Re: OpenVPN authentication with Active Directory
Posted: Tue Aug 30, 2011 7:39 pm
by izghitu
This is what I get:
Code: Select all
WARNING: Failed running command (--auth-user-pass-verify): external program exited with error status: 1
TLS Auth Error: Auth Username/Password verification failed for peer
Control Channel: TLSv1, cipher TLSv1/SSLv3 DHE-RSA-AES256-SHA
[] Peer Connection Initiated with IP:49270
PUSH: Received control message: 'PUSH_REQUEST'
Delayed exit in 5 seconds
SENT CONTROL [UNDEF]: 'AUTH_FAILED' (status=1)
read UDPv4 [ECONNREFUSED]: Connection refused (code=111)
IP:49270 SIGTERM[soft,delayed-exit] received, client-instance exiting
And I finally got an email. The email says:
Code: Select all
Details: Cannot find KDC for requested realm (0x9a)
What's KDC? Please advise
Re: OpenVPN authentication with Active Directory
Posted: Tue Aug 30, 2011 8:56 pm
by janjust
KDC = Kerberos Domain Controller
In AD speak this is pretty much the same as the Active Directory server; it seems the AD authentication fails due to a realm mismatch ; sorry but I can't help you there, as I'm clueless as to how AD works.
Re: OpenVPN authentication with Active Directory
Posted: Wed Aug 31, 2011 4:53 am
by izghitu
Thanks for your help so far. One last question if you don't mind.
So the KDC is the IP or hostname of the AD server right? Then what's realm?

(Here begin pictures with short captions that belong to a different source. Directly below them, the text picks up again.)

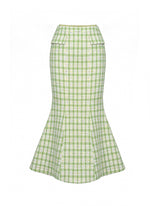 OLIVE GINGHAM MERMAID SKIRT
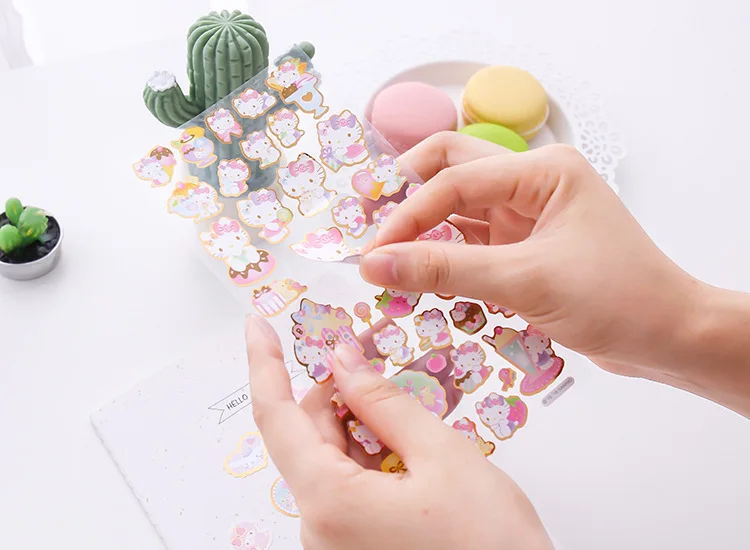 Cute 50pcs/lot Cartoon Melody Hello Kitty Little Twin Stars Stickers DIY Planner Diary Scrapbook Index Phone Album Esco | Игрушки и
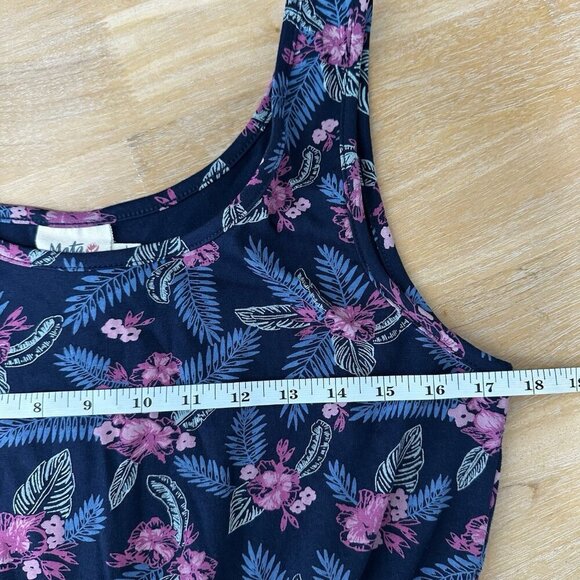 Mata Traders Maxi Dress Sz L Floral Navy Boho Jersey Knit Organic Cotton Stretch - Picture 6 of 9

Re: OpenVPN authentication with Active Directory
Posted: Wed Aug 31, 2011 7:46 am
by janjust
this is getting off-topic for the openvpn forum... troubleshoot your connection to the AD server first, e.g. by reading up on
http://www.linuxmail.info/troubleshooti ... -centos-5/
it looks like you either use the wrong IP address of the AD server or you misspelled the Active Directory Realm, which is case-sensitive.